Material provided:
========

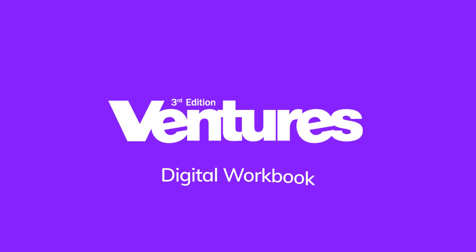Hello, and welcome to the Ventures Digital Workbook on Cambridge One, your new home for digital learning.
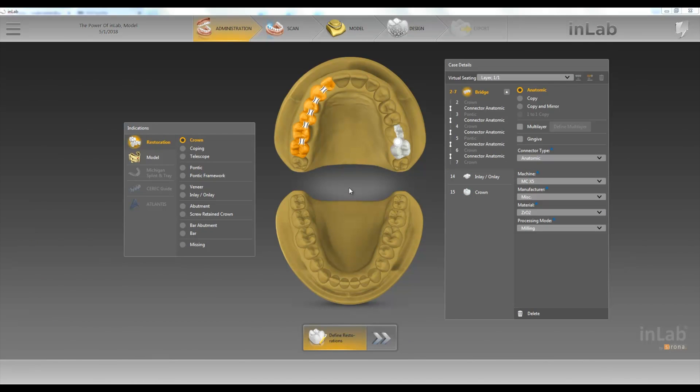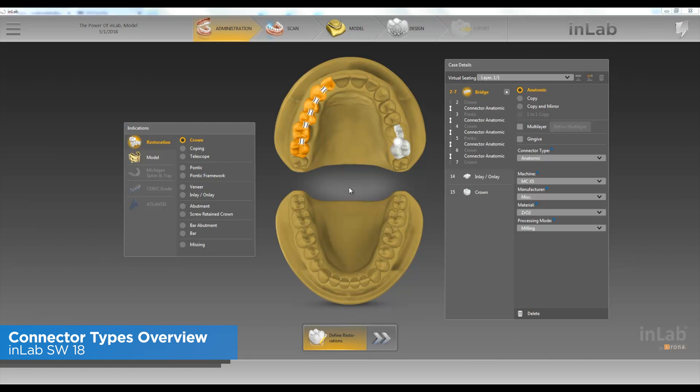Hello, this is Jay Black with Tekken 2. In this video we're going to go over the different connector types we have in the MLive18 software.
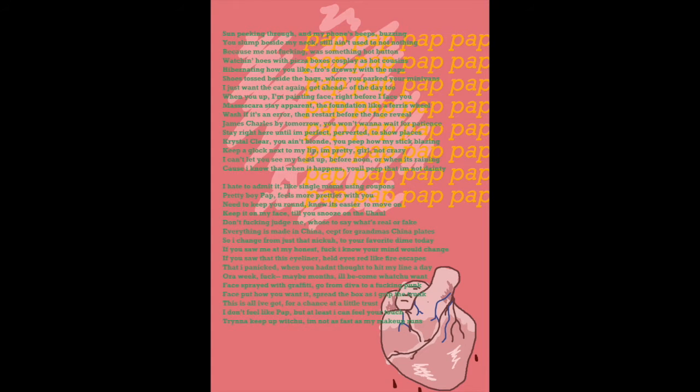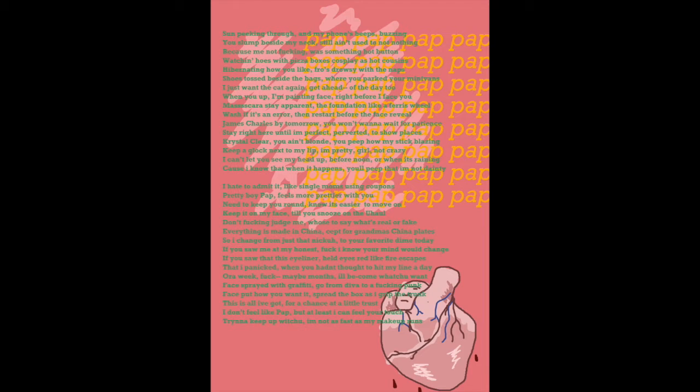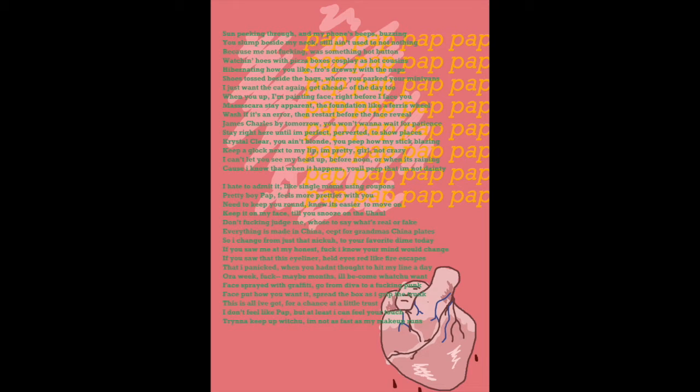Sun peeking through when my phone beeps buzzing, you slumped inside my neck, still ain't used to nothing. Because me not fucking with something hot, butting, watching hoes with pizza boxes. Cosplay is hot, cousins hibernating, how you like, throw drowsy with the naps.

========

Could you return the whole listing exactly, images excluded?

Hello, and welcome to the Ventures Digital Workbook on Cambridge One, your new home for digital learning.
Hello, this is Jay Black with Tekken 2. In this video we're going to go over the different connector types we have in the MLive18 software.
Sun peeking through when my phone beeps buzzing, you slumped inside my neck, still ain't used to nothing. Because me not fucking with something hot, butting, watching hoes with pizza boxes. Cosplay is hot, cousins hibernating, how you like, throw drowsy with the naps.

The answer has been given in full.